Ben, Bingöl'deki HES projeleriyle ilgili ve -bugün gündem dışı konuşmada da belirttim- devreye konmak istenen termik santrallerle ilgili birkaç hususu tekrar paylaşmak istiyorum. Otuz yıldır yaşanan çatışmalı süreçte köy yakmadan mera yasaklarına kadar, orman yakmadan bir bütün olarak bölgeyi insansızlaştırmaya kadar giden çok büyük zulüm politikalarıyla Bingöl halkı karşı karşıya kaldı. Şimdi yeni yeni, Bingöl halkında yeniden doğaya yönelik, çocuklarının yaşamına yönelik, gelecek nesillerin yaşamına yönelik bir umut belirmişken AKP iktidarı Bingöl'ün her tarafını HES çöplüğü durumuna getirmiş. Yani, burada sayın vekil enerji ihtiyacıyla ilgili bazı hususları dile getirdi. Bakın, bu HES'le ilgili defalarca bu kürsüden dile getirdik. 2 binin üzerinde HES yapıldı, 2 binin üzerinde HES yapılması planlanıyor. Toplam bu HES'lerden elde edilecek enerji miktarının tamamı, sadece eskimiş enerji nakil hatlarının onarımıyla elde edilecek enerji miktarından daha fazla değildir. O zaman doğayı tahrip eden, halkın karşı çıktığı, bir bütün olarak bölgeyi insansızlaştırmayı hedefleyen bu projelerdeki ısrarınızın sebebi nedir? Bunu açıklamak zorundasınız.

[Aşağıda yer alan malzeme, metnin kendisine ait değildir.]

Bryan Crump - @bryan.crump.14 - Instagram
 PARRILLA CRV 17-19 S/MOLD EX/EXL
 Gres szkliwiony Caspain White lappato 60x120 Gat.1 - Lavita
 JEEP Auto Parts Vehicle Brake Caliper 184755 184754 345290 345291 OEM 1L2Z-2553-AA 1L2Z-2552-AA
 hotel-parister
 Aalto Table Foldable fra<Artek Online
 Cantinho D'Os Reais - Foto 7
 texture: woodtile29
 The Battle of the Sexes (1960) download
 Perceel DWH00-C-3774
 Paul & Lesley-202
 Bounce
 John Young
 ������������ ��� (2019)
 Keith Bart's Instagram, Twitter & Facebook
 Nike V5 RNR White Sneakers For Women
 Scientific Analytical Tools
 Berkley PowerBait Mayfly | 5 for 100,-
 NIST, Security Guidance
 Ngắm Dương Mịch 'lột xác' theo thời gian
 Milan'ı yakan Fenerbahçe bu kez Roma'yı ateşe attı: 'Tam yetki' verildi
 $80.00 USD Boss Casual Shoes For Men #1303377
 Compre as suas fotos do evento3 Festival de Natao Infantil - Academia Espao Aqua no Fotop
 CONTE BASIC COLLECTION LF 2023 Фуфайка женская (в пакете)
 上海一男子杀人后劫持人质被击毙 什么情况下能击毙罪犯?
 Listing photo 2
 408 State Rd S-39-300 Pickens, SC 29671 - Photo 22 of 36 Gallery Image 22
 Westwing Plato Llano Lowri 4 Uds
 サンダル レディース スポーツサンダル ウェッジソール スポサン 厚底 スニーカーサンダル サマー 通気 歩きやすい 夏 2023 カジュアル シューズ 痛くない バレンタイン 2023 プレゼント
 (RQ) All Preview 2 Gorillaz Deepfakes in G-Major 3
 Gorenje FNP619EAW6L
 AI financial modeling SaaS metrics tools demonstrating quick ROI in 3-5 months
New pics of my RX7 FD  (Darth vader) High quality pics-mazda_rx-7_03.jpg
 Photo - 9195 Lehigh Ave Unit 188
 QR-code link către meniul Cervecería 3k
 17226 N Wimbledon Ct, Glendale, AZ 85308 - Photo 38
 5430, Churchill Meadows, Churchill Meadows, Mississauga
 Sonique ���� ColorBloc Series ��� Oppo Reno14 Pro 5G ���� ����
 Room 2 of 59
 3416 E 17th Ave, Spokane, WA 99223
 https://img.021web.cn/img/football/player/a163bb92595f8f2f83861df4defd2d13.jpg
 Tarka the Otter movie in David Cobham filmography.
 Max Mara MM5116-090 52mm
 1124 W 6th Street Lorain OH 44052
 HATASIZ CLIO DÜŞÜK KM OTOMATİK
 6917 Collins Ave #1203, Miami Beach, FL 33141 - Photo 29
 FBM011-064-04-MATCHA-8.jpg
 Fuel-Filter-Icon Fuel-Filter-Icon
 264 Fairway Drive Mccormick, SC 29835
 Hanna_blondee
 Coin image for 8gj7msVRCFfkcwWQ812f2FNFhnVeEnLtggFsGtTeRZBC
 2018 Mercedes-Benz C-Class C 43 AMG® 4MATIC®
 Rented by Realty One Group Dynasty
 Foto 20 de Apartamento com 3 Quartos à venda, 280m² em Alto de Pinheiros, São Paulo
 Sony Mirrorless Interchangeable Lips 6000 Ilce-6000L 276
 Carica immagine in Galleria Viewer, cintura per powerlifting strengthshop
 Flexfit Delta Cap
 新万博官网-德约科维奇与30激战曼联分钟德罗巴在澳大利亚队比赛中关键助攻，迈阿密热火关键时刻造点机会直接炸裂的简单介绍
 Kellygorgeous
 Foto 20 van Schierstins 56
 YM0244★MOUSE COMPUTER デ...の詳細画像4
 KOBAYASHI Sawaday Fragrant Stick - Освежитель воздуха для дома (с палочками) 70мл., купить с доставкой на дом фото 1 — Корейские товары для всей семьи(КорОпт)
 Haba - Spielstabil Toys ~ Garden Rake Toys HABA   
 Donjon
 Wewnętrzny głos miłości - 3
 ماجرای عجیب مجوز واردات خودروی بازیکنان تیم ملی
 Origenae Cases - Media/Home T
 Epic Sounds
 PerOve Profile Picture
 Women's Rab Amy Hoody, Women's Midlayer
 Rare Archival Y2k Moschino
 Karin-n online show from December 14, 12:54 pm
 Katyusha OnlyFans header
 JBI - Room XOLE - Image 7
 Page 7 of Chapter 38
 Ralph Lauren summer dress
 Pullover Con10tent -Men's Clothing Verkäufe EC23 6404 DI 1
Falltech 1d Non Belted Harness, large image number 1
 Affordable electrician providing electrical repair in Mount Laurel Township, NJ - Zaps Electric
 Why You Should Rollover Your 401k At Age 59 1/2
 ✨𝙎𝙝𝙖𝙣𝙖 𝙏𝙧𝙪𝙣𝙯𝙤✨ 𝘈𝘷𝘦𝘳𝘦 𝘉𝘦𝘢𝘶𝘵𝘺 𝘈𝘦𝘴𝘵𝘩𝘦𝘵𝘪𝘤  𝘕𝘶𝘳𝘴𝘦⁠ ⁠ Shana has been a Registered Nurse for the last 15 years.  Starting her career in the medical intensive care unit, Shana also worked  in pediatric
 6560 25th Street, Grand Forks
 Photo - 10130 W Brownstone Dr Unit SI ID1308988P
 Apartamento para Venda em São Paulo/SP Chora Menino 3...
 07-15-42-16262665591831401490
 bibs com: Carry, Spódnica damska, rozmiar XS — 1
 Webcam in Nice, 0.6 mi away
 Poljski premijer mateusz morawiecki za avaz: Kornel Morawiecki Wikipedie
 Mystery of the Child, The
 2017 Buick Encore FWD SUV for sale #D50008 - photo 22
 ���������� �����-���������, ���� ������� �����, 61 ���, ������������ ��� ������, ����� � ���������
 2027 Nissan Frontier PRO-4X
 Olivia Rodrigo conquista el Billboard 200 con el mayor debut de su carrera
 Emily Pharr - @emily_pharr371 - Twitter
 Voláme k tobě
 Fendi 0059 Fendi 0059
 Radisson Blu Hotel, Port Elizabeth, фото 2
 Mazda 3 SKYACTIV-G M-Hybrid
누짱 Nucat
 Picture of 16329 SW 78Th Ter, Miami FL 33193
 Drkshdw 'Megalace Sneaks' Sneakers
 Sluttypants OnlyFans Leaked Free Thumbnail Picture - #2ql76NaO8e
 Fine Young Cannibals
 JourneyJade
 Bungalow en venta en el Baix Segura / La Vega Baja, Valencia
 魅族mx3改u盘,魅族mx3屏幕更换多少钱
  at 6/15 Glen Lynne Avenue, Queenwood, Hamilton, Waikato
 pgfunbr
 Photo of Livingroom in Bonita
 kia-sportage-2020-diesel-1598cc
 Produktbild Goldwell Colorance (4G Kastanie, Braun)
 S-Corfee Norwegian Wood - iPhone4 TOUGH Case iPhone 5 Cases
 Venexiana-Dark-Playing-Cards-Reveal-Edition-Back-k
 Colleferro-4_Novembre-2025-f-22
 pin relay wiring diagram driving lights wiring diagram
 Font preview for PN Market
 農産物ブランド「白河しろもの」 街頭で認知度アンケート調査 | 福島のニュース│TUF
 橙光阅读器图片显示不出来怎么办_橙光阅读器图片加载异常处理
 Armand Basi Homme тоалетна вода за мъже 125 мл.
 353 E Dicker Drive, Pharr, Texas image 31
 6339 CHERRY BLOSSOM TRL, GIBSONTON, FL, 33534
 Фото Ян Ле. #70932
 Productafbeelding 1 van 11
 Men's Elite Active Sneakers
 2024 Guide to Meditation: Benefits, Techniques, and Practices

Bakın, Karlıova Derinçay köyünde HES projesi yapıldı. Geçen aylar içerisinde oradaki köylüler, Halifan köylüleri birkaç kez oraya yürüyüşler yaptılar "Bu HES projesi bir bütün olarak sosyal, toplumsal hayatımızın tamamını yok etmek üzere yapılmış bir projedir." dediler. Niye dikkat etmiyorsunuz? Niye bu sese kulak vermiyorsunuz? Derinçay köyünün mezarlıklarını sular altında bırakacak şekilde HES projesi yapmanın dinen, ahlaken, vicdanen herhangi savunulabilir bir tarafı var mı? Yani, bir köyün maneviyatını, manevi dünyasını oluşturan mezarlığını siz sular altında bırakarak birilerinin cebine, yandaş birkaç çantacının, müteahhidin cebine para aktarmak durumunda olursanız, kusura, bakmayın, orada muhalefet tabii ki bu tutumunuzu sorgular ve bununla ilgili de Meclisi göreve çağırır.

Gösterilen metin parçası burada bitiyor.